Business Plan Overview
Starting a business can be difficult, and many times there are challenges that individuals may never have foreseen. The purpose of this section of Livingston Advantages is to make sure that starting a new business won’t turn in to a constant struggle to catch up. Below, you’ll find a guideline on how to create a business plan and what extra efforts, if any, you’ll need to take to get your business set up and running properly.
Prepare a Business Plan
The Executive Summary provides a concise overview of the entire plan along with a history of your company. This section tells your reader where your company is and where you want to take it. It’s the first thing your readers see; therefore it is the thing that should grab their interest.
The market analysis section should illustrate your knowledge about the particular industry in which your business will operate.
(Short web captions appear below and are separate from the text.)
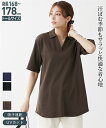 チュニック トールサイズ レディース 吸汗速乾 UVカット ポロ 夏 カーキ/シーグリーン/ネイビー/黒 M/L 体型カバー お尻隠れる ニッセン nissen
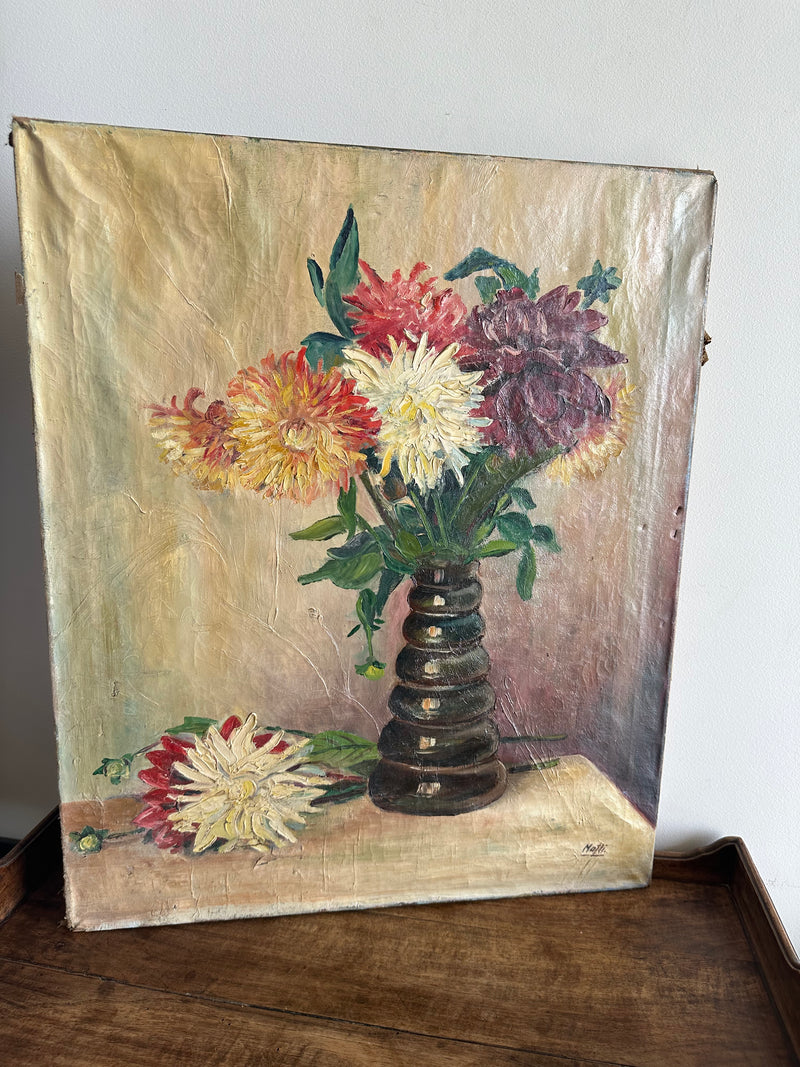 Peinture bouquet de fleurs taille XL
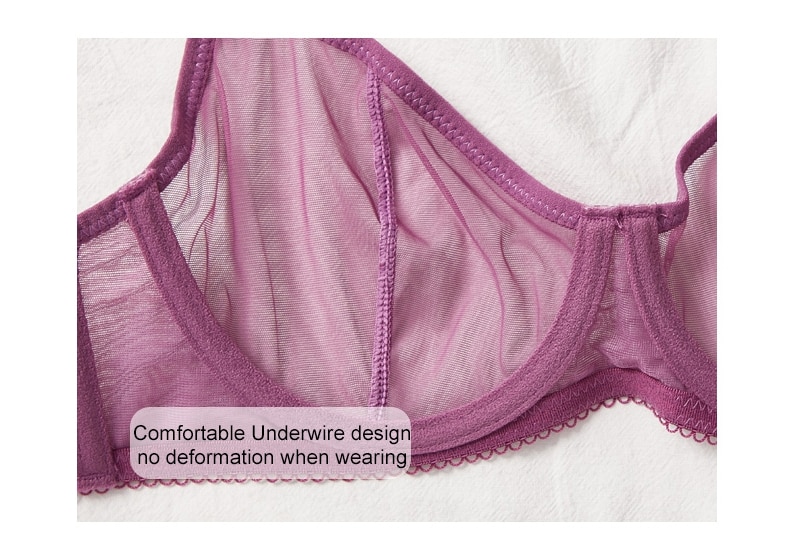 DM Mesh Transparent Seamless Bra Set Women Underwear Set Fashion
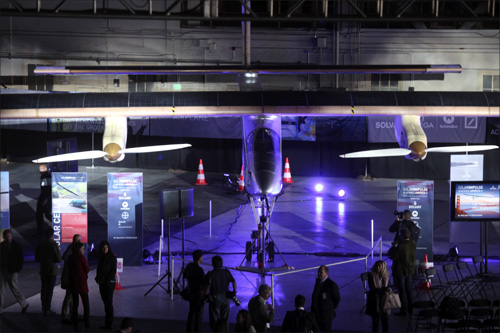 The Solar Impulse aircraft is shown in a hangar at Moffett Field in Mountain View, California.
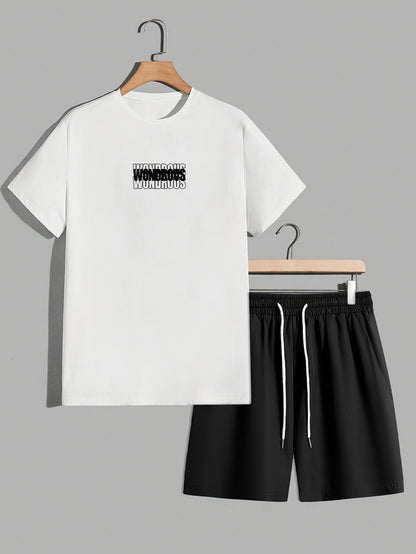 Herren Streetwear Set mit Grafik-T-Shirt und Shorts – Urbaner Look, Trendiger Style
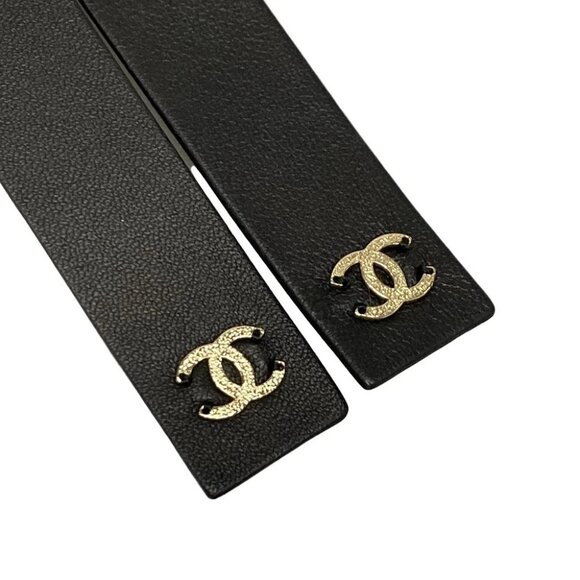 Auth CHANEL - Black Gold Lambskin Hardware Belt Gold hardware - Picture 3 of 5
This section should include: an industry description and outlook, target market information, market test results, lead times, and an evaluation of your competition.
This section should include a high-level look at how all of the different elements of your business fit together. The company description section should include information about the nature of your business, as well as list the primary factors that you believe will make your business a success.
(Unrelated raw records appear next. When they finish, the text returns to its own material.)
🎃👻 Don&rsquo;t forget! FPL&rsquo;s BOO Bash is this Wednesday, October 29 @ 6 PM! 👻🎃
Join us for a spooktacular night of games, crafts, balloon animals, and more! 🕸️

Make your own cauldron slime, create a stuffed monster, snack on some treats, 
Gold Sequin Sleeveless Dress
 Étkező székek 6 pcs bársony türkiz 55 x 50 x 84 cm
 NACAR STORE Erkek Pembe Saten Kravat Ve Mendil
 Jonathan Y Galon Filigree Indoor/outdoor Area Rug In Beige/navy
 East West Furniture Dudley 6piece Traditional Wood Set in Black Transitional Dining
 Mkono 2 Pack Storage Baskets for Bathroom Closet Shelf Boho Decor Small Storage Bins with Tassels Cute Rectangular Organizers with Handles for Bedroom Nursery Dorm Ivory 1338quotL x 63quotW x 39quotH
This section should include: your company’s organizational structure, details about the ownership of your company, profiles of your management team, and the qualifications of your board of directors.
Marketing is the process of creating customers and customers are the lifeblood of your business. In this section, the first thing you want to do is define your marketing strategy.
What are you selling? In this section, describe your service or product, emphasizing the benefits to potential and current customers. Focus on the areas where you have a distinct advantage. Identify the problem in your target market for which your service or product provides a solution.
The financials section of your plan should demonstrate your understanding of basic accounting and financial concepts and how they apply to your business. This section may include items such as a current and pro forma balance sheet, an income statement, a cash flow analysis, projected startup and operating costs, and realistic revenue forecasts.